The defendants won a stunning Thursday afternoon victory against prosecution, reinforcing the importance of First Amendment rights to freedom of expression and the right to petition a redress of grievances to the government.
"When the very courts of our nation, our Department of Justice, the president, and our own Congress lack the courage, ethics and principles to support the basic human rights for which this country was founded," Barrows said. "Then the responsibility falls on us, the people, to defend the Bill of Rights, and the Geneva Convention."
Blome, a peace and anti-torture activist from California, came to Washington in May, July and September to participate in many anti-war protests and nonviolent actions. Among these actions was a personal 19-day hunger strike done in conjunction with Code Pink's Troops Home Fast.
"We live in very serious times when there are no longer traditional avenues to redress our grievances, because of an unresponsive government," Blome said. "This includes a Congress who last month passed a law allowing the practice of torture."
The three activists are scheduled to appear at a status hearing on December 13th to determine if the government wishes to refile the charges against them.
The resignation of Rumsfeld is being recognized as an acknowledgement of failed international policies.

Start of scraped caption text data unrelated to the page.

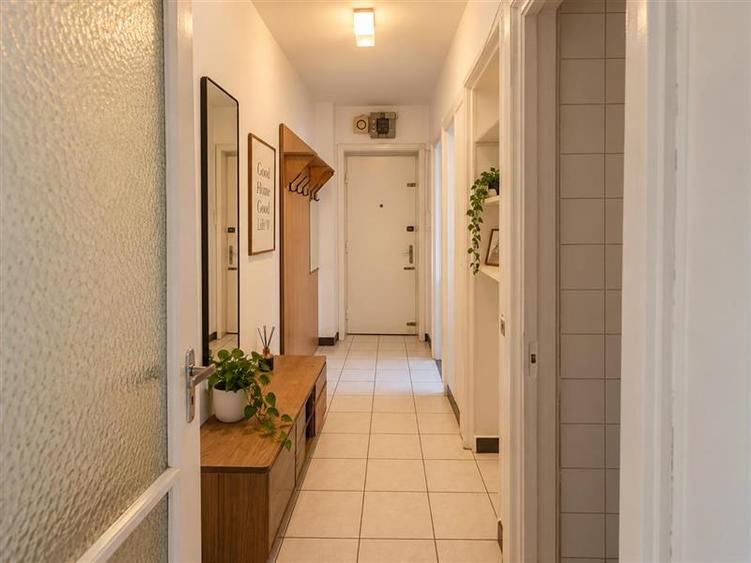Apartament cu 2 camere semidecomandat în Calea București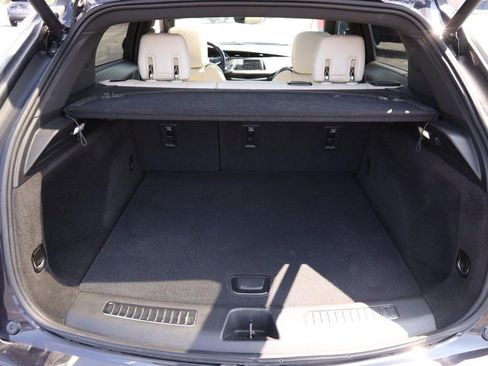 Used 2023 Cadillac XT4 Sport FWD image 7
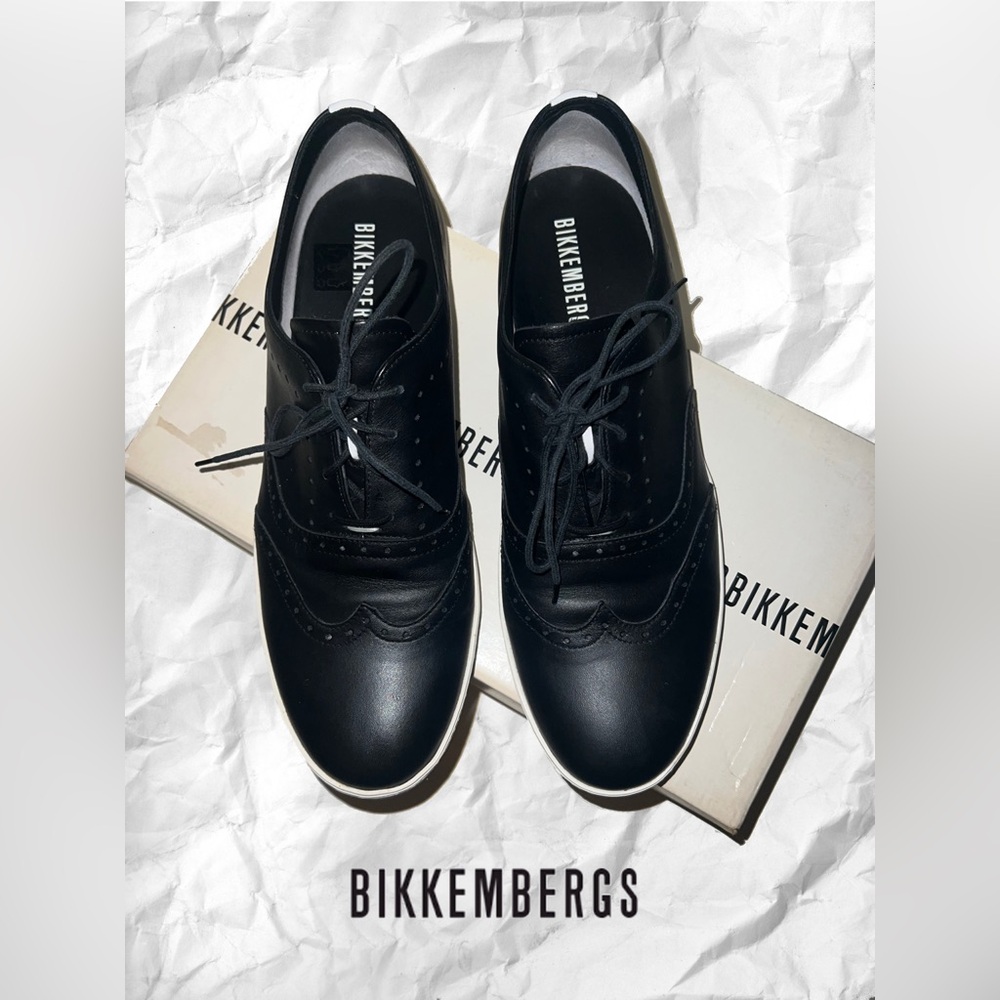 Bikkembergs Men's Black Leather Wingtip Sneakers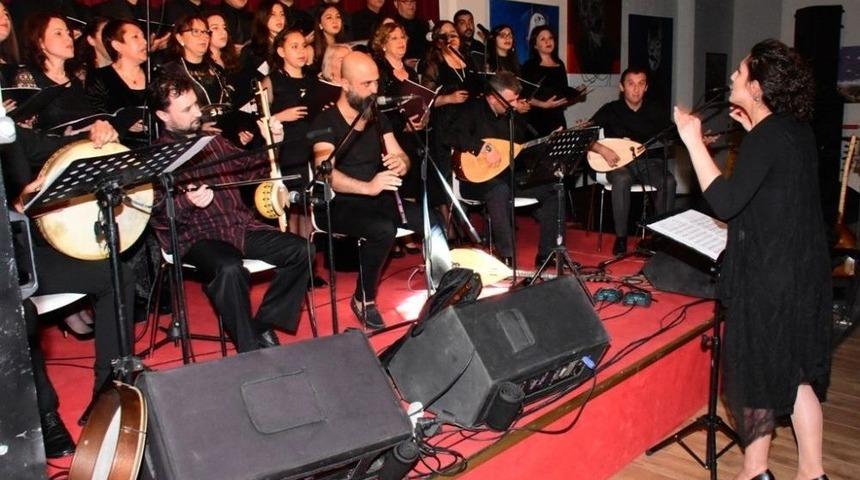 Alternatif Sahne&rsquo;de T&uuml;rk Halk M&uuml;ziği Gecesi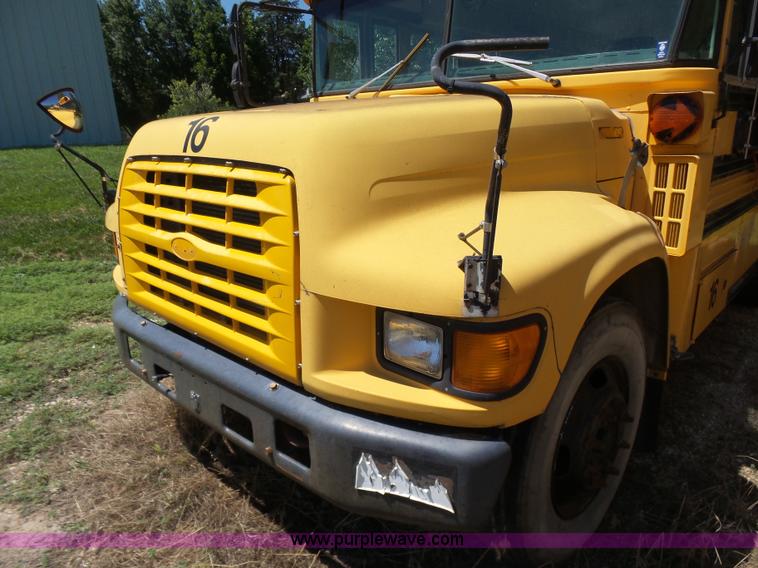 image for item K3145 1995 Ford B800 school bus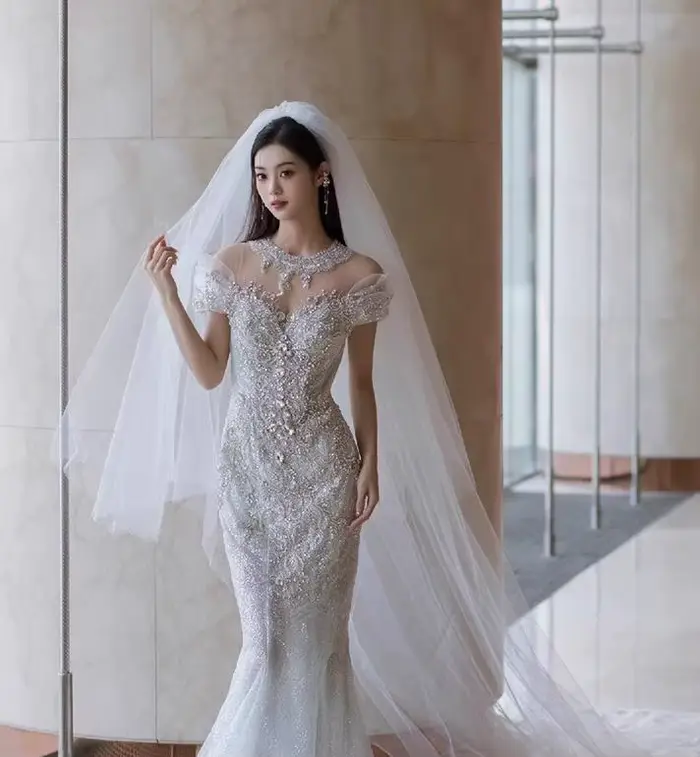 Robe de mariée française en queue de poisson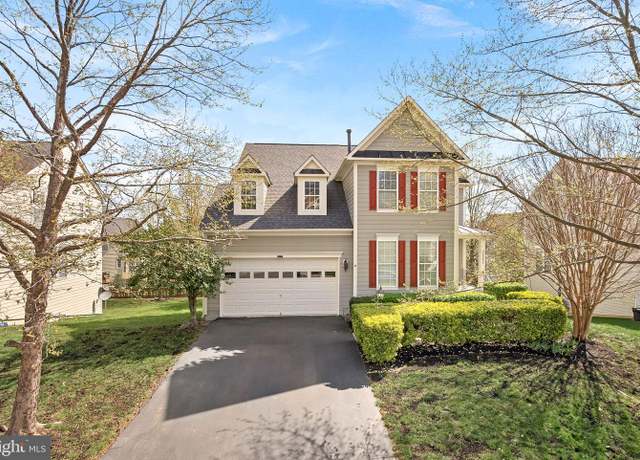 Property at 22034 Stone Hollow Dr, Broadlands, VA 20148, 5 beds, 3.5 baths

Wednesday, November 08, 2006
I wish I could write more, but I can't right now. No media coverage yet, as this is obviously a tough time with the elections going on.
Please note, a couple days ago the Army Times, Navy Times and Marine Times published an editorial calling for Rumsfeld to step down as secretary of defense.
Friday, November 03, 2006
The four nonviolent protestors were arrested on May 18th by the Secret Service when they entered the front yard of Rumsfeld's mansion in the Kalorama neighborhood of northwest Washington. They are charged with unlawful entry and face a maximum sentence of six months in prison, and $100 in fines.
Pete Perry and David Barrows of the D.C. Anti-War Network (DAWN) will defend themselves, with Washington attorney Mark Goldstone serving as attorney advisor. Mari Blome and Katie Heald, affiliated with Code Pink are represented by Washington attorney Ann Wilcox.
"We were not breaking a law," Perry said. "We were peacefully delivering an anti-war and anti-torture message to a public official we hold responsible for the unlawful entry of Iraq and the sanctioning of torture of detainees held by our government."
In September, three of the four defendants were acquitted in a bench trial of disorderly conduct. One entered a plea agreement with the government and is performing community service at the Torture Abolition and Survivors Support Coalition.
This time the four activists will face a jury of their peers.
"We look forward to arguing our case," Blome said. "We want people to know that we find Rumsfeld's actions intolerable, and that we will defend our first amendment right to petition for a redress of grievances to our government."
The trial will begin at 9:30 a.m. at the Moultrie Courthouse (Superior Court of the District of Columbia) at 500 Indiana Avenue, N.W. Washington, D.C.
The arrests occurred following a peaceful march from the White House to Rumsfeld's house, which was attended by Cindy Sheehan, former CIA analyst Ray McGovern and comedian and activist Dick Gregory.